The main differences include:
- More opportunities – to make sure every student achieves the very best that they can, Aurora Academies Trust’s focus would be on working with the Academy’s senior leaders and teachers to raise achievement through the curriculum innovation, online assessment programmes, increased attendance and individualised paths for personal growth and development.
- More choice – the proposed Academy’s partnership with other primary Academies within Aurora Academies Trust as well as with Mosaica Education schools internationally, means the school would be able to share resources and experiences. The Academies would be working with partners both locally and internationally, meaning that pupils would enjoy a wider range of learning and leisure experiences at school.
- Improved teaching and learning – Aurora Academies Trust look at how things can be done differently and better. They willconcentrate on improving standards throughout the school at a rapid pace, and improve the quality of teaching and learning through the introduction of a comprehensive staff training programme and online assessment.
Furthermore the new Academy will:
- Raise aspirations – through the introduction of a new philosophy and ethos, based on Mosaica Education’s proven philosophy used internationally, to bring educational improvements to schools, pupils and communities worldwide. All pupils have individualised paths for personal growth and development, with a focus on pupil self-awareness and self-esteem.
- Increase Parent engagement and involvement – regular community events are held where parents and other members of the local community are invited to see what the children have been learning, chat with staff and become more engaged in their child’s education..
Would the uniform change?
Aurora Academies Trust currently has no intentions to change the uniform or current school logo and branding.
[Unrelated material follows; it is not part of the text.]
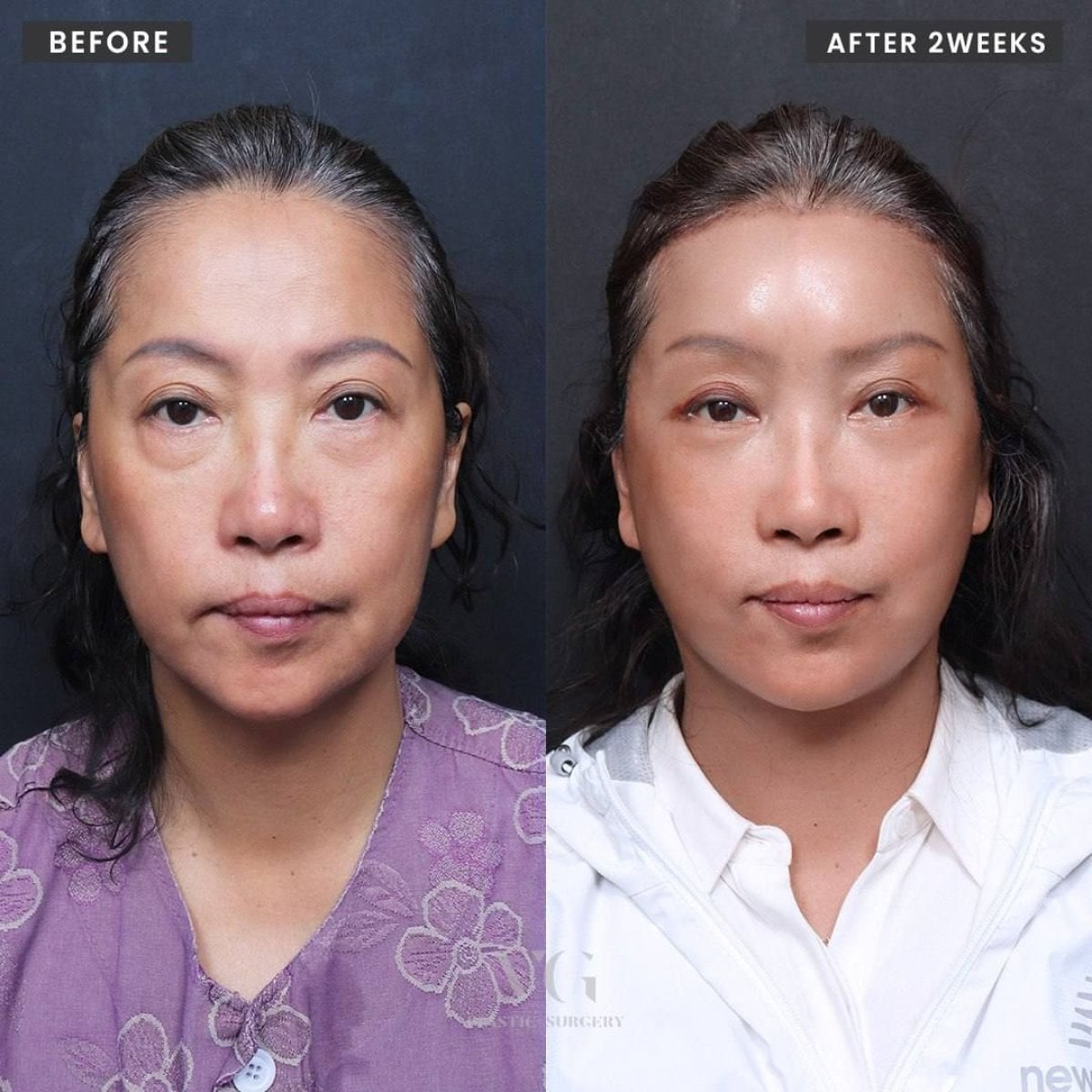 Resultados de lifting endoscópico facial antes y después en VG Plastic Surgery, rejuvenecimiento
Does the Academy follow the National Curriculum?
Yes, the Academy’s core curriculum follows the National Curriculum.
What about collaboration with other schools?
As well as transforming the life chances of pupils enrolled in them, Academies can help drive system-wide improvements through collaboration with other schools. Many established Academies have developed positive links with schools in their area and are keen to offer support to them, or to learn from them. Aurora Academies Trust’s expectation is that the Academy would work collaboratively with neighbouring nurseries and children’s centres, primary, secondary and special schools. King Offa School is an active member of the local primary school cluster and Aurora Academies Trust will continue to participate in this partnership along with Glenleigh Park Academy.
Does the Academy select children according to their ability?
No – the Academy is a comprehensive and inclusive school, open to pupils of all abilities. Academies are not allowed to select children by their academic ability. The Academy would retain the same admission arrangements to those which apply to all maintained community schools in East Sussex.
What about children with SEN?
Academies must adhere to the SEN code of practice and statutory guidance on inclusion. An Academy’s independent status does not affect parents’ rights to appeal to the First-tier Tribunal (Special Educational Needs and Disability).
Do Academies receive more money than local authority schools?
Academies receive the same level of per-pupil funding as they would receive from the local authority as a maintained school, plus additions to cover the services that are no longer provided for them by the local authority. However, Academies have greater freedom over how they use their budgets to best benefit their pupils. Academies receive their funding directly from the Education Funding Agency (EFA – part of the Department for Education) rather than from local authorities.
Do parents have to pay towards the cost of education at the Academy?
No – Academies receive their funding directly from the Department for Education and are funded at a similar level to other maintained schools, so that parents and carers do not have to pay for their children to attend. Academies are allowed to charge for certain activities (such as school trips) in exactly the same ways as maintained school.
Are free school meals available?
Yes – all pupils that are eligible for free school meals still have that entitlement.